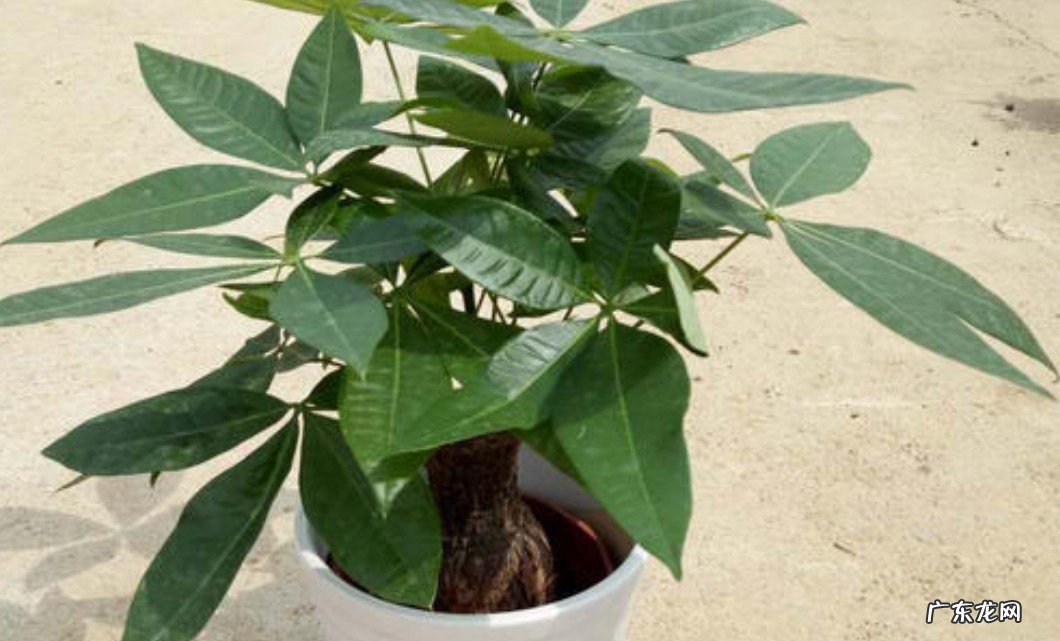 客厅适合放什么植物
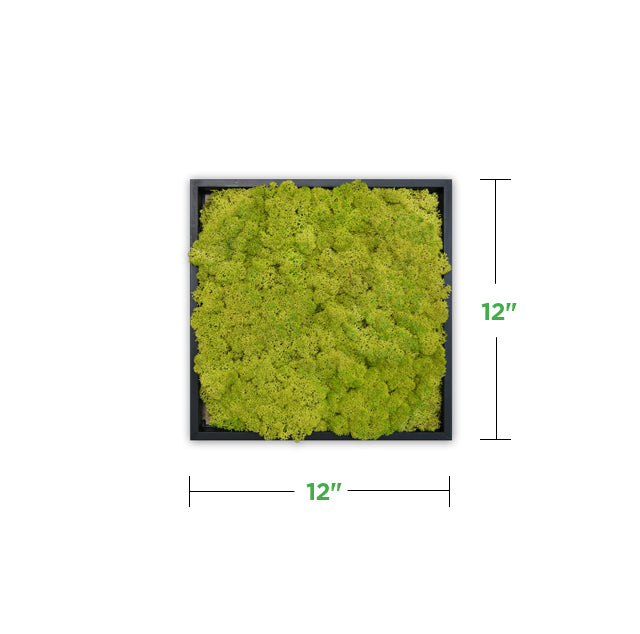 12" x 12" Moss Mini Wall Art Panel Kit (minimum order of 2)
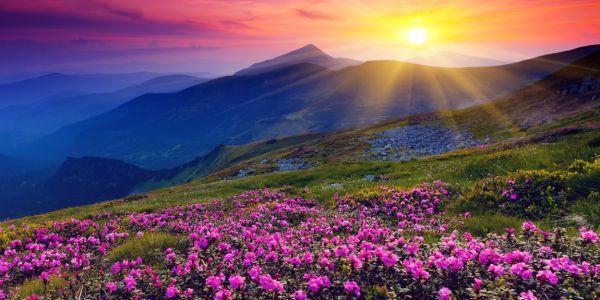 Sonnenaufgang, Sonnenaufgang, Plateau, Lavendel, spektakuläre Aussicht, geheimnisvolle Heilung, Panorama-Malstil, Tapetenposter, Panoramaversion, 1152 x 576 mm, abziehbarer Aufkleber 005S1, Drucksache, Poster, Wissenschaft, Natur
* * *
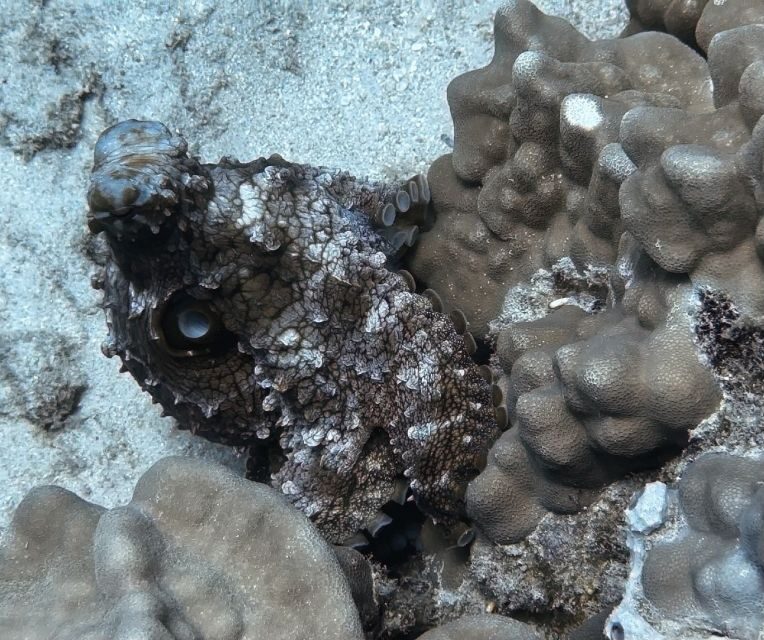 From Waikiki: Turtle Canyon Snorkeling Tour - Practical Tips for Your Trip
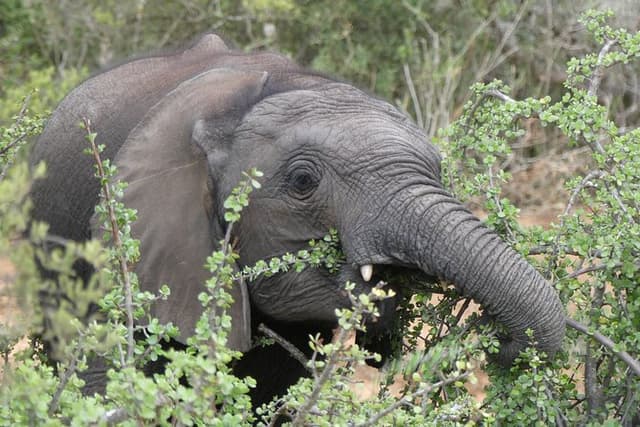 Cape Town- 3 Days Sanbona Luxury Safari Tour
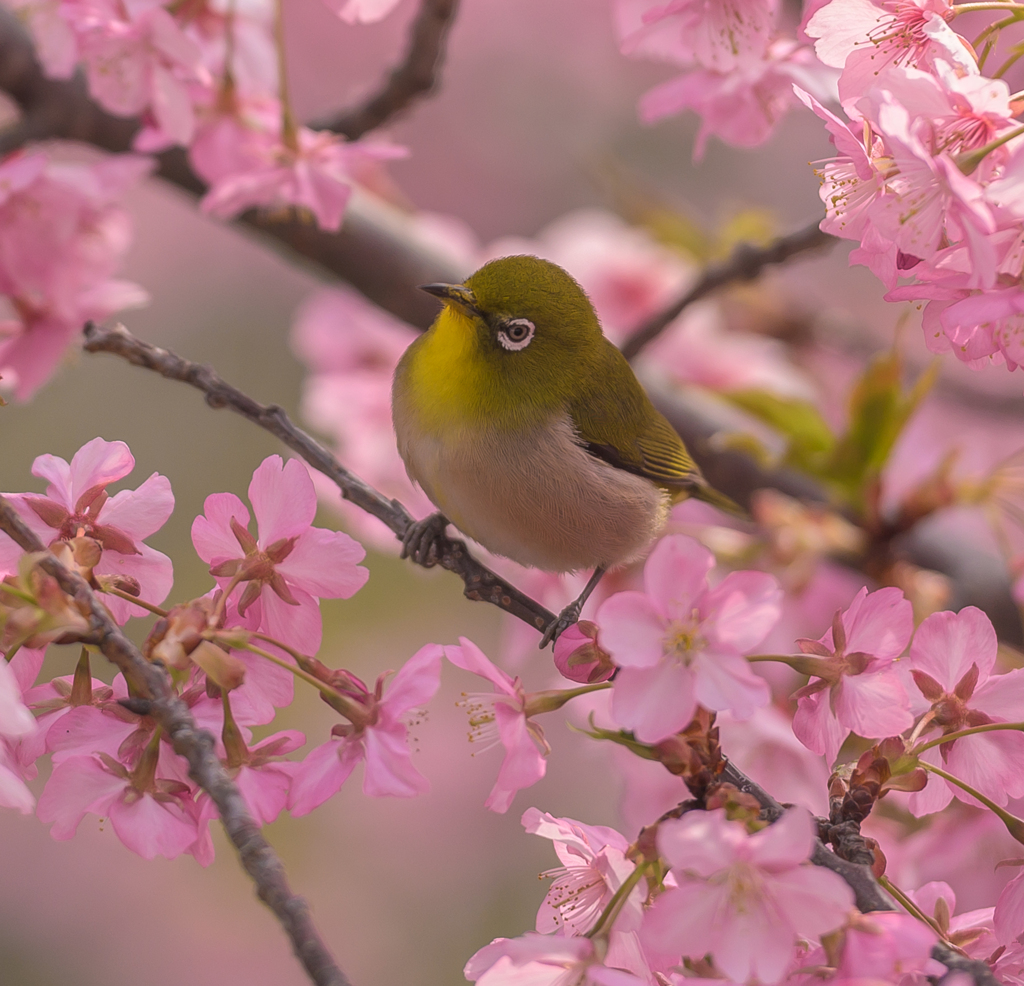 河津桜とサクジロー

Aim of the exercise: Print exactly, with no pictures, the lines above from the one that holds "order of 2)" through the one that holds "Sonnenaufgang, Sonnenaufgang, Plateau, Lavendel, spektakuläre", both of them included.

Answer box:
 12" x 12" Moss Mini Wall Art Panel Kit (minimum order of 2)
 Sonnenaufgang, Sonnenaufgang, Plateau, Lavendel, spektakuläre Aussicht, geheimnisvolle Heilung, Panorama-Malstil, Tapetenposter, Panoramaversion, 1152 x 576 mm, abziehbarer Aufkleber 005S1, Drucksache, Poster, Wissenschaft, Natur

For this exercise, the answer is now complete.